Suddenly, from the east, more ships come. They are big, but not overwhelmingly huge; perhaps three to four times the size of the outriggers you are used to seeing ply the coasts of your homeland. On the ships are men who are fair-skinned -- but they do not wear colorful fabrics and instead wear shiny metal plates. They offer little food and are uninterested in trade. Soon, they begin demanding gold and that you forsake your gods in favor of theirs. They carry what are obviously weapons -- strange weapons, but clearly powerful ones. You would have realized almost right away that these were not the traders from the west you heard stories of. These are clearly warriors -- enemies -- come to conquer your lands.
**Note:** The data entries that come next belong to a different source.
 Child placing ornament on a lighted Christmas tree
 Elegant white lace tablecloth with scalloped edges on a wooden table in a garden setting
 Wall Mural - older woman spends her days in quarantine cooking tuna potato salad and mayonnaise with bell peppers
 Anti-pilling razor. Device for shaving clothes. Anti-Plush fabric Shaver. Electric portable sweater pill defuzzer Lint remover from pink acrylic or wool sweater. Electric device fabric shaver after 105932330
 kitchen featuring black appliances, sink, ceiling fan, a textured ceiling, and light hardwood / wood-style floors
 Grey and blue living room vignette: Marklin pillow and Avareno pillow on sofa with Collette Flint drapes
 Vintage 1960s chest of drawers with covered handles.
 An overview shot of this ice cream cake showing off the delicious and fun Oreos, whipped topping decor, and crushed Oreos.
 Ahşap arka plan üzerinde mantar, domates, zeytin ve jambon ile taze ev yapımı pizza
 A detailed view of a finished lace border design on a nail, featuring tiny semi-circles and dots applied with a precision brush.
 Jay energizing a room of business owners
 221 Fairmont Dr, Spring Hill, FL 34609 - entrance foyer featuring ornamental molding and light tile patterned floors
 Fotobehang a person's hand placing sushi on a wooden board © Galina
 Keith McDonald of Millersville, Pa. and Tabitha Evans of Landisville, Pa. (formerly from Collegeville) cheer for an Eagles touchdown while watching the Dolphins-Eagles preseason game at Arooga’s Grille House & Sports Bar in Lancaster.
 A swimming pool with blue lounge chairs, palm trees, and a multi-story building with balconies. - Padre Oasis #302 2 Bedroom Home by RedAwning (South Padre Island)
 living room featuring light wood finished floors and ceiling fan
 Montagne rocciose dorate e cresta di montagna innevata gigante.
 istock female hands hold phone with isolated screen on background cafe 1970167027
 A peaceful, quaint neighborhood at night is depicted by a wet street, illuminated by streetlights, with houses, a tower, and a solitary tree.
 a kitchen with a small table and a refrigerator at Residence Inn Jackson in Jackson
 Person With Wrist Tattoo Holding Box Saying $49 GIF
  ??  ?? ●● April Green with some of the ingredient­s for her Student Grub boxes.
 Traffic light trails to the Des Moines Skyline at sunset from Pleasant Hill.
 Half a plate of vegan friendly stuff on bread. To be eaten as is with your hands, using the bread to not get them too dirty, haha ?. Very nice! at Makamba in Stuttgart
It wouldn't have taken you very long to realize that war had come to visit you in your own back yard.
Shortly after they arrived, a great pestilence would have begun working its way through your peoples. You likely wouldn't have known that it was not doing something similar to the invaders, because after enough of your countrymen had been enslaved and stripped of their gold, you would have started to fight to defend yourself, your nation, your family. You likely would have questioned your earlier hubris about your wealth, power, and technological sophistication, but it doesn't matter if the alien invaders had weapons different than yours -- the need to defend yourself would have been overriding. Perhaps you would have tried to have learned how to use their weapons; you would certainly have wanted to have taken their strength to use against them and thus neutralize their advantage. (Thus the cannibalism, a teaching of the prevailing religion of the way to take strength from one's enemies.) You would certainly have seen that these were mortal men who could die in combat. If you had ever entertained the thought that these were gods on earth, you would have quickly disabused yourself of that notion.
Perhaps this is not as comforting as the thought that the primitive natives were awed and overwhelmed by the mighty European settlers. But I'd rather know the truth than a pleasant legend. And the original legend wasn't even particularly pleasant. I'll leave whatever parallels to modern events you care to draw to yourself; what intrigued me about this story was not so much the lurid evidence of ritualized cannibalism but rather the fact that it demonstrates that a fierce, and for a while successful, resistance to the invasion was mounted, poking a hole in the traditional history we learned as children in grade school.